SH Sean Harding/blog
What a guy
Friday, February 28th, 2003

Andrew Burnett, the man who was sentenced to prison in 2001 for throwing Leo the dog into traffic during an argument with his owner, has decided to prove once again what a classy man he is. He’s suing the San Jose Mercury News and Leo’s owner Sara McBurnett for damages he suffered due to the publicity around the case. The Mercury News has an article (via Romenesko).

Dar Williams @ Easy Street
Thursday, February 27th, 2003

This evening, Dar Williams did a free mini-show at Easy Street Records on Queen Anne. It’s a bummer that she didn’t play a full show this time around. Seeing a few songs is better than seeing none, but a full-length Dar show is a thing of beauty.

She played a few songs from her new album, "The Beauty of the Rain" ("Farewell to the Old Me," "Fishing in the Morning," "I Saw a Bird Fly Away" and "The One Who Knows") and one of her older ones ("Christians and the Pagans"). Then she came out and did "February" as an encore. It as a very nice set.


There were a lot of people there. Quite a few more than I’d expected. I’d estimate the turnout at about 200, but I’m notoriously inept at judging crowd size. Sadly, due to the layout of the space (merchandise racks everywhere) and the number of people who got there before us, we didn’t get to be very close. That, coupled with lighting too low for available light shooting and the anemic flash on my digital camera, means that I didn’t get any usable pictures of Dar at all. I could have brought a film camera with fast film or an external flash, but I didn’t really feel like lugging that stuff around. And I was expecting to be a lot closer. I learned my lesson about getting to a free Dar appearance late. I’ve been to enough Dar shows that I really should have known better.

Striking workers and innocent bystanders
Thursday, February 27th, 2003

Erin at Yale brings up some interesting issues around how labor disputes affect people on the fringes of the dispute. Graduate students at Yale are preparing to strike, and in the process, they’re dragging every undergraduate into the debate.

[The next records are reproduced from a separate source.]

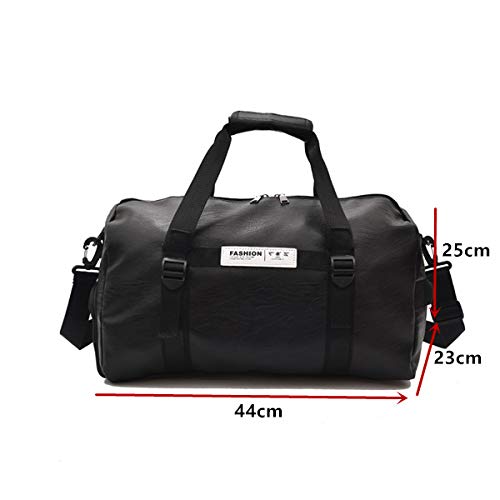 CLHFJ Pu Leather Outdoor Shoulder Sports Gym Bag Men Women with Shoes Storage Training Fitness Travel Yoga Handbag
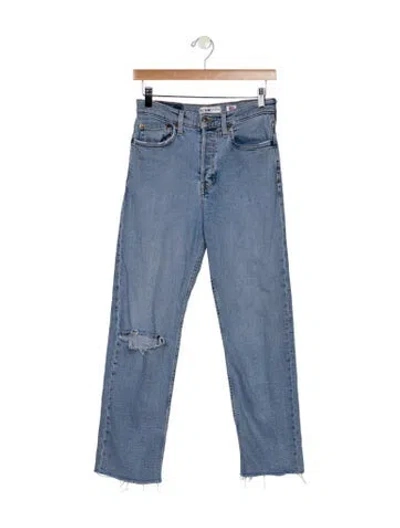 Pre-owned Re/done High-rise Straight Leg Jeans In Blue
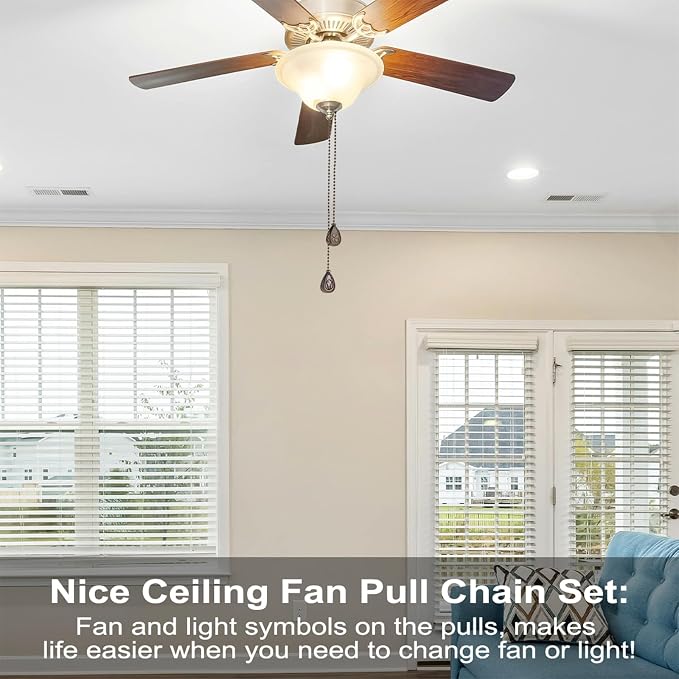 4 Pack Bronzed Ceiling Fan Pull Chain Extension, 12 Inches Classic Drop Shaped Pendant Pull Chains for Ceiling Fans and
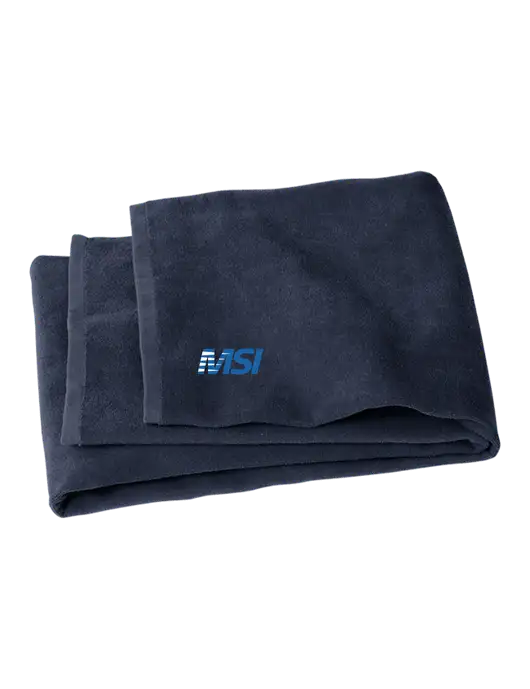 Navy Beach Towel w/MSI Icon logo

Regardless of where I stand on a given issue, I usually think that actions with massive repercussions for uninvolved parties are a bad tactic. For example, I almost always side with teachers when they are in negotations. I fully believe that teachers in this country are underpaid and are very often forced to work in very bad conditions. I strongly support any effort to correct these problems. But I generally disagree with teacher strikes because they force so many innocent parties to be involved against their will. It’s not the students’ fault that teachers are underpaid. It’s not the parents’ fault if the contact isn’t fair. Yet these are the very people who are most damaged when teachers go on strike.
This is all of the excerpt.